Nia Pillow Data 101 Outline: Final Project May 2022 Professor M.

  1. Data What data set are you planning to use? Source, URL, size, description

I plan on using the Sephora Website Dataset from Kaggle. The original owner is …. She/he was able to gather all the data by scraping the Sephora Website for variables such as size, love, rating, the number of customers who left reviews, ingredients, brand, name, and category. This dataset contains 9800 observations and 21 variables.

Does it contain both quantitative and categorical values?

My data does contain both quantitative and categorical values. Quantitative values include price, rating, love, number of reviews, and value price. The categorical values include brand, name, category, and ingredients.

Does it have any personal importance for you?

I wouldn’t say this project has had any personal importance to me other than simply loving to purchase and apply make-up! My mother went to cosmetology school and made money doing hair when I grew up and that was the only job where she and I could spend a lot of time together. I was surprised to learn that Sephora Beauty carries so many brands online than they do in the physical store, so I had a lot of data to work with.

  1. Questions

What questions are you considering? 1. I want to see if there is a relationship between price points and product size. 2. I would also like to see if there is a relationship between price point and brand rating 3. I want to see what facial product had the highest rating and look at the cost 4. I want to see what product was the most popular – use a frequency table 5. I want to filter the data and look to see which brand had the best-rated face serum, face wash, and moisturizer.

Are there any potential challenges regarding these questions? Could you use more than one data set to answer your questions?

I always have initial questions about my research when I begin a project. Those questions evolve into other questions as I continue working through my project. Some of the answers to my questions just aren’t available within the data. To create an additional dataset, I could scrape the Sephora Website myself for updated data.

  1. EDA

How will you conduct EDA with dplyr? Think about the ways you need to organize your data by subsetting it, ranking it, or adding columns.
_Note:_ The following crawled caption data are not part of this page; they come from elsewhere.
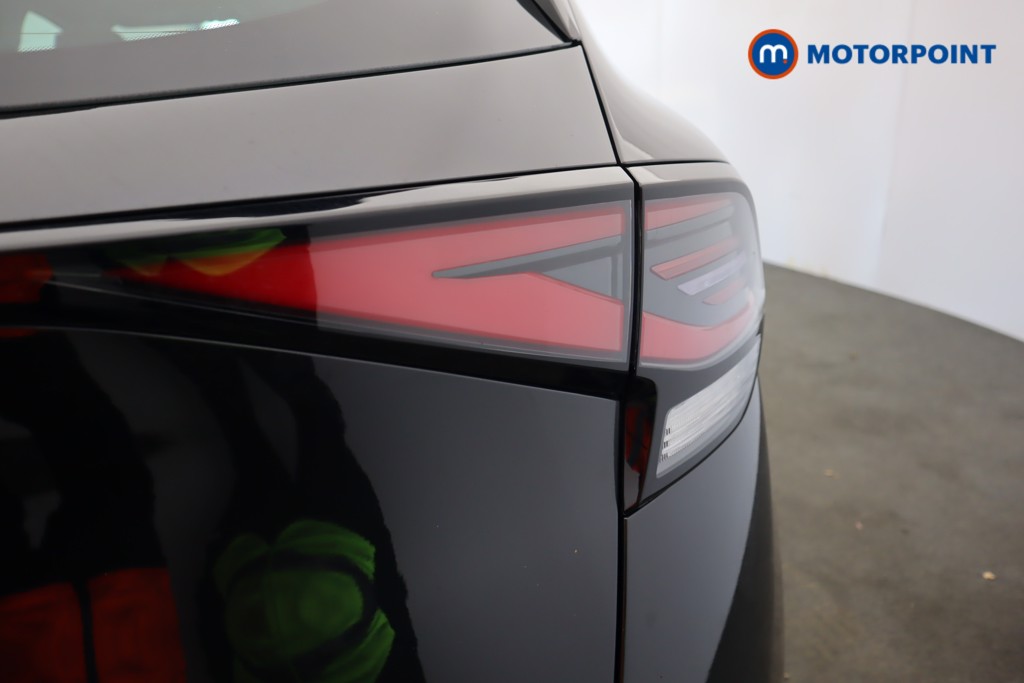 KIA Sportage Gt-Line Manual Petrol SUV - Stock Number (1586180) - 25th supplementary image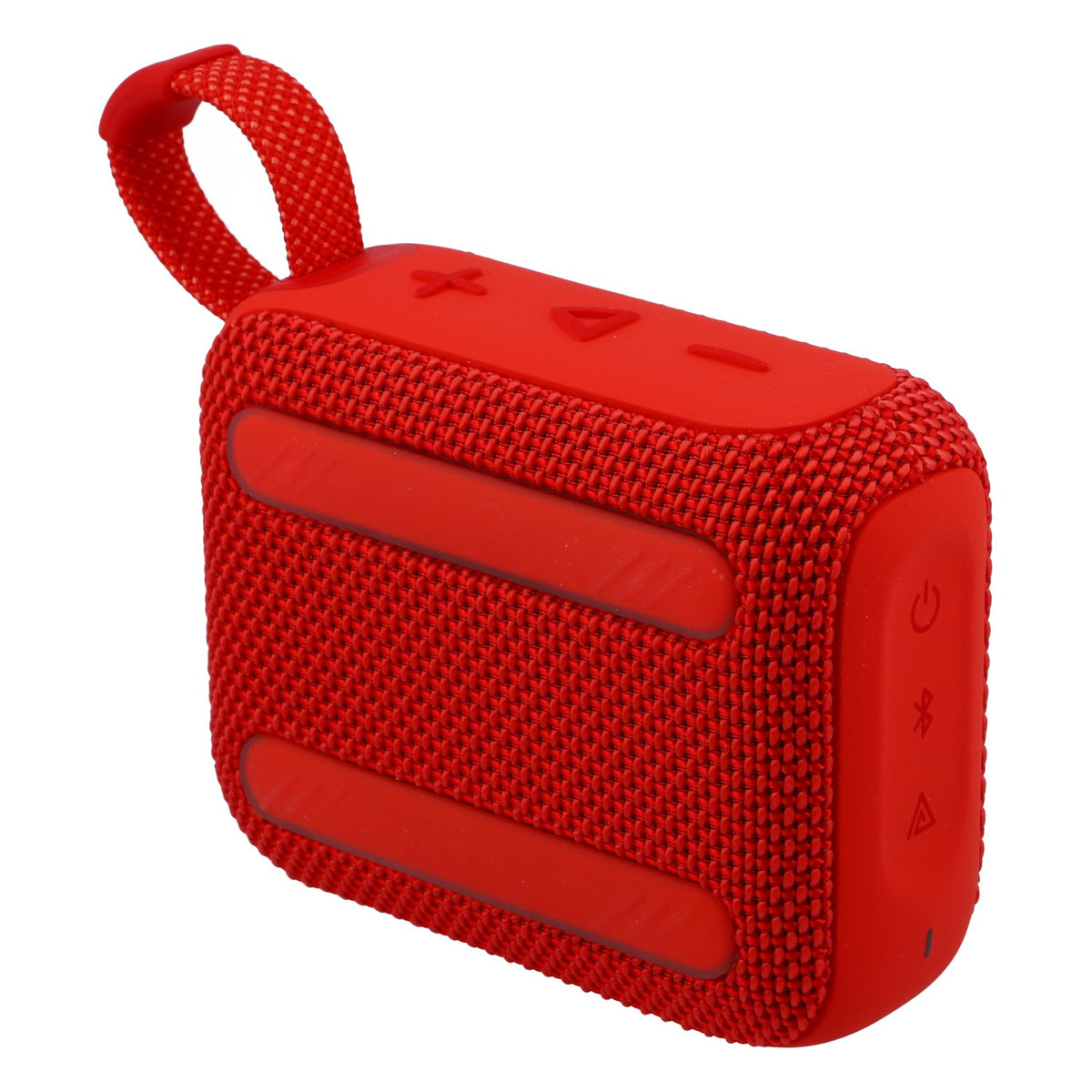 JBL Pro Go 4 Altoparlante Bluetooth portatile Sound Bassi profondi Music box – Vista 4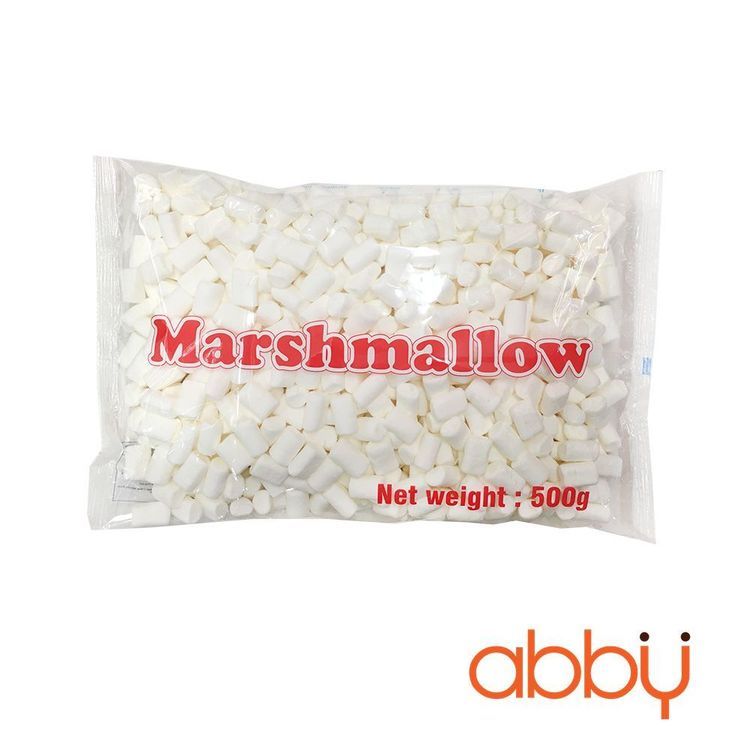 No. 9 - Kẹo Marshmallow Erko - 3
These are my most used and two favorite dply() functions. Select() – I am always selecting different variables throughout my projects to look at different relationships. Filter() – I use this function the most to look at rankings, detailed observations, price points, etc.

What basic charts do you want to create? Will these are Basic R, ggplot, or a combination?
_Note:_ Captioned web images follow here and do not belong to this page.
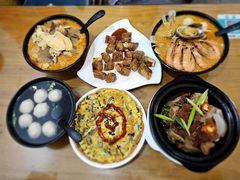 -五兰沙茶面(曾厝垵店)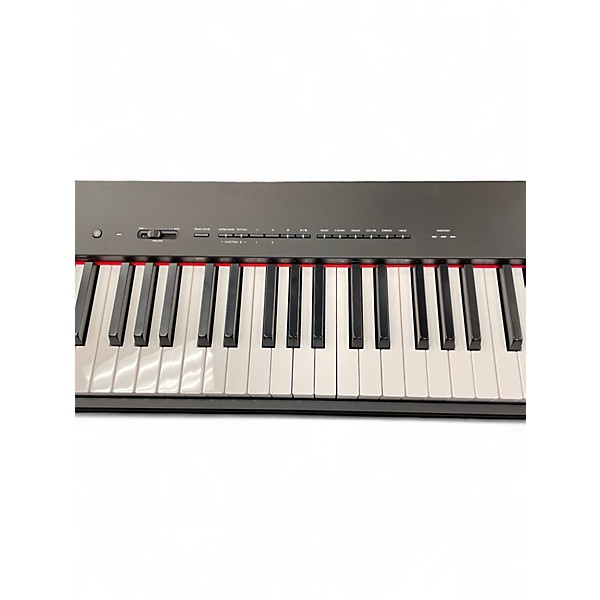 Used Yamaha P-225B Digital Piano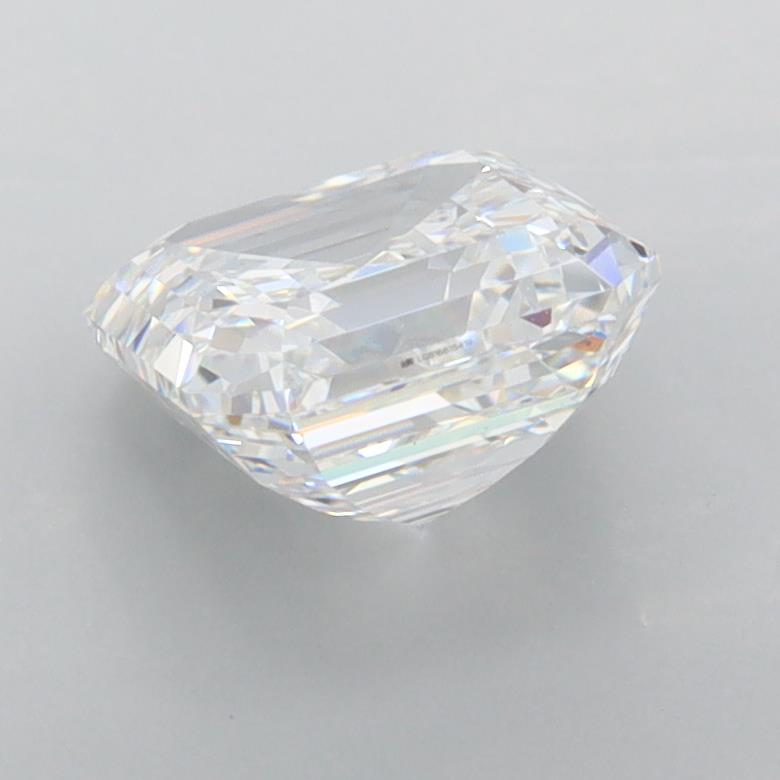 2.01 Carat Asscher Lab Diamond :: 360 spin frame 05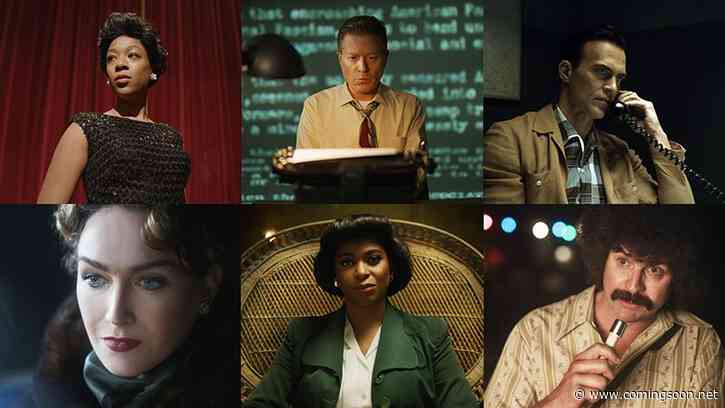 Equal: First Look at HBO Max’s Four-Part LGBTQ+ Docuseries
I will need to create a combination of both Basic R and ggplot. I tried to use ggplot charts, but I decided to create my chart along with the basic R plot() and bar() plot functions. Why do the chart types you have chosen make sense in answering your questions?

  1. Statistical Analysis

What variables will you use to conduct the two-sample t-test? Would a paired t-test make sense? Set up the null hypothesis and check assumptions.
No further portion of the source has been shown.